CinémaSociétéTélévision18 février 20240Les doléances

Plusieurs chaînes régionales de France 3 ont récemment diffusé « Les doléances », film documentaire d’Hélène Desplanques.

 À la suite du mouvement des Gilets Jaunes de 2018, le président de la République ouvrit un grand débat national. Il invita ses concitoyens (en un seul mot, précise un crieur de rue bordelais !) à formuler leurs doléances dans des cahiers ouverts en mairie. Il s’était engagé à les rendre publiques.

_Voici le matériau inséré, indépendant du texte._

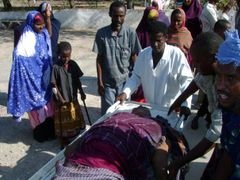 Centrální vláda lidem nedokáže zajistit bezpečí, často dochází k přepadením bandity. Spory klanů, jež ovládají velkou část země, často vrcholí ozbrojenými střety. Při posledním násilí na jihu země, ve městě Kismayo, přišlo o život několik desítek lidí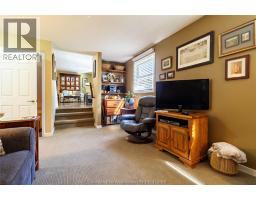 31 PETERBOROUGH DRIVE - 27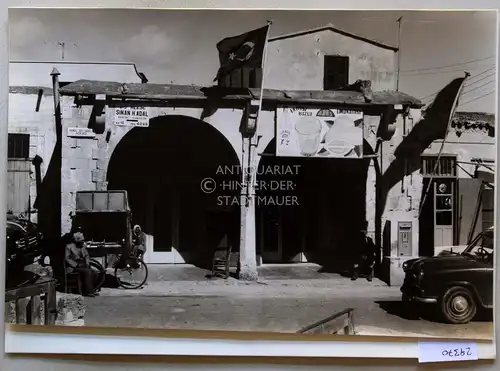 Petzold, W: Kaffeehaus in Famagusta [Zypern], an der Land Gate (innen!). 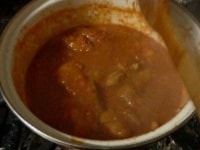 最後に塩コショウで味を調える。皿に肉を盛りつけ、トマトソースをたっぷりかける。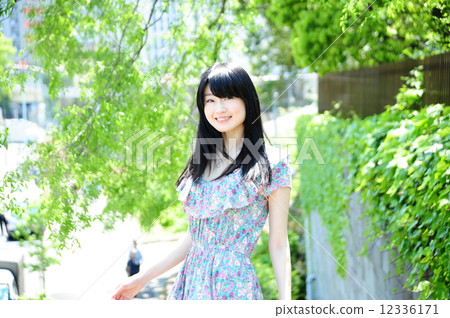 女性肖像 女性肖像 12336171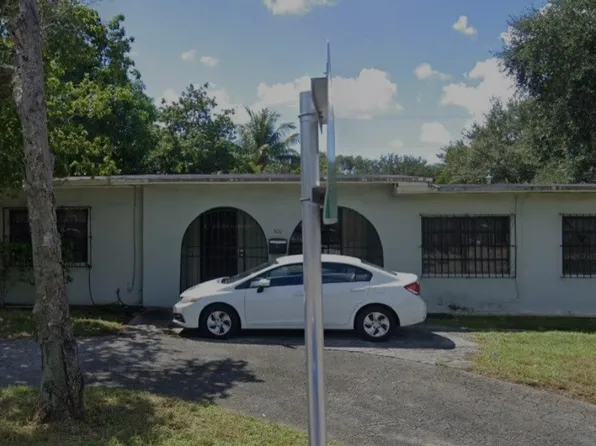 500 NE 135th St, North Miami, FL 33161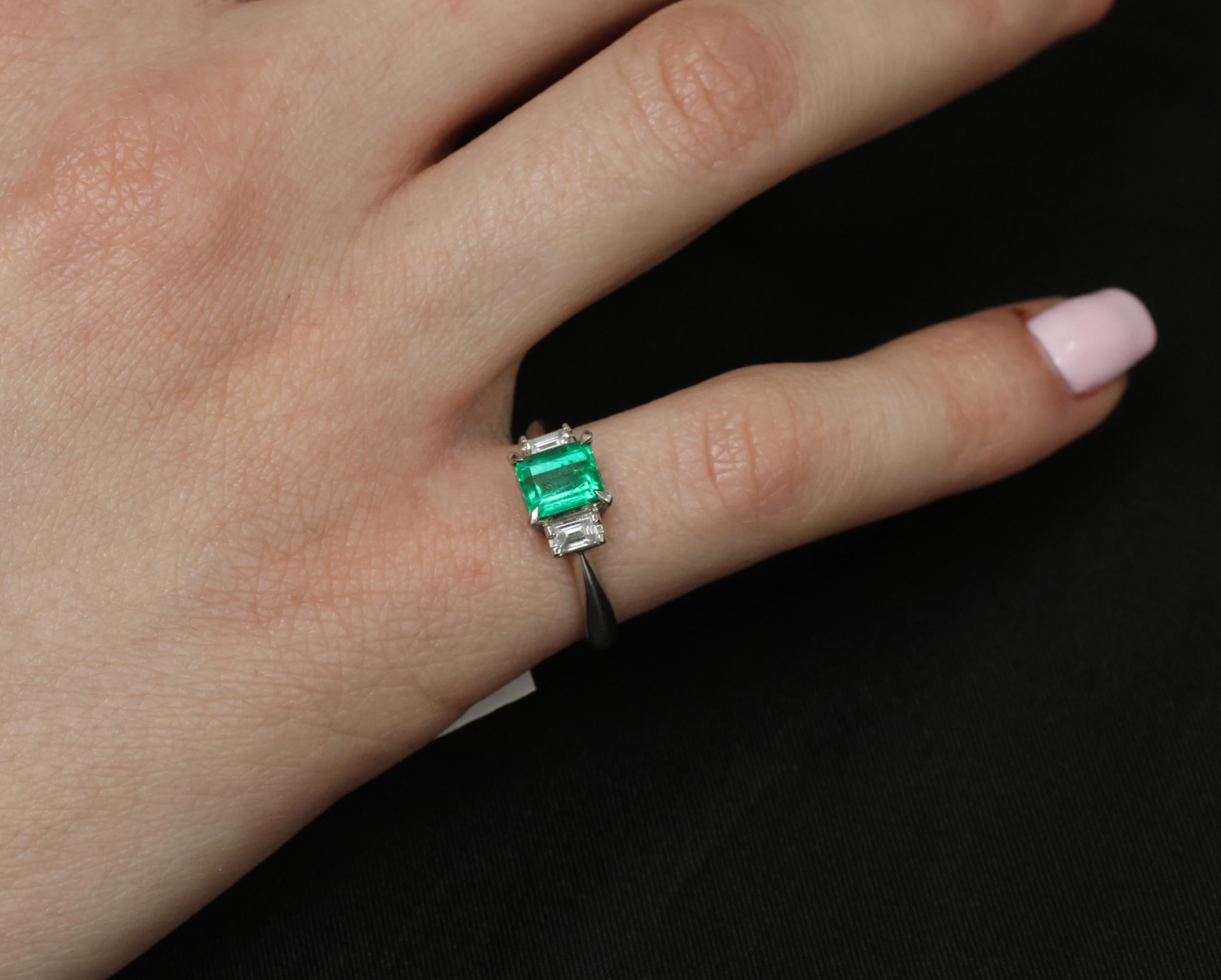 0.96ct GIA Colombian Untreated No Oil Emerald & Diamond Platinum Ring Size 5.75
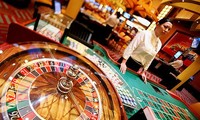 Lần đầu tiên người Việt được vào chơi casino mở trên lãnh thổ Việt Nam.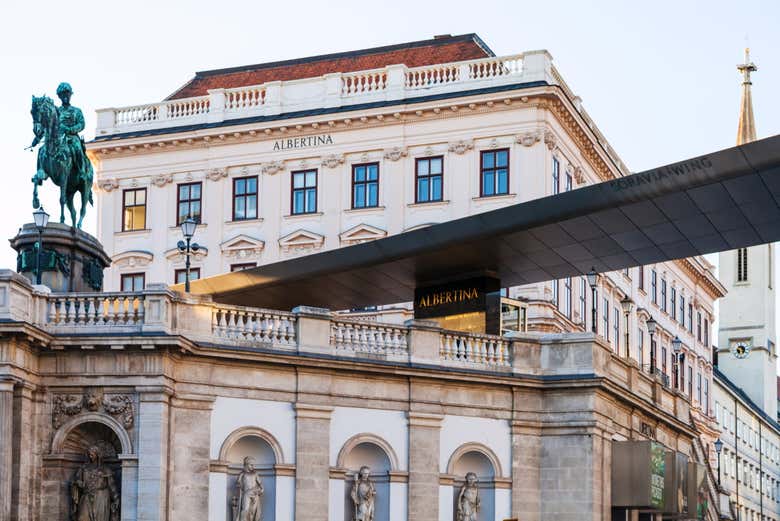 Exterior do Museu Albertina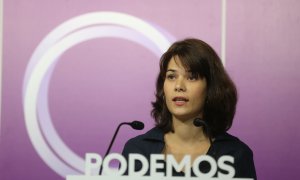 La portavoz de Podemos, Isa Serra, interviene en una rueda de prensa en la sede de Podemos.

 Des collectifs de citoyens demandent que cet engagement soit respecté. Le film d’Hélène Desplanques suit l’un des initiateurs de ce mouvement, Fabrice Dalongeville, maire d’une commune rurale de l’Oise. De la Meuse à la Creuse et à la Gironde, il va à la rencontre de personnes qui ont écrit des doléances et d’autres, simples citoyens ou chercheurs, qui les consultent là où elles sont conservées, dans les Archives départementales. Il se rend à l’Assemblée Nationale pour convaincre les députés de déposer une résolution trans-partisane demandant la publication des doléances.

Fabrice Dalongeville

Le film montre que les cahiers de doléances constituent un véritable trésor. Écrites le plus souvent à la main, elles sont le reflet d’une réalité souvent émouvante. Une maman demande ainsi au président d’expliquer à sa fille de cinq ans pourquoi elle ne peut pas chauffer toutes les pièces de la maison, pourquoi elle n’achète pas de pain tous les jours et pourquoi elle ne pourra lui payer des grandes études..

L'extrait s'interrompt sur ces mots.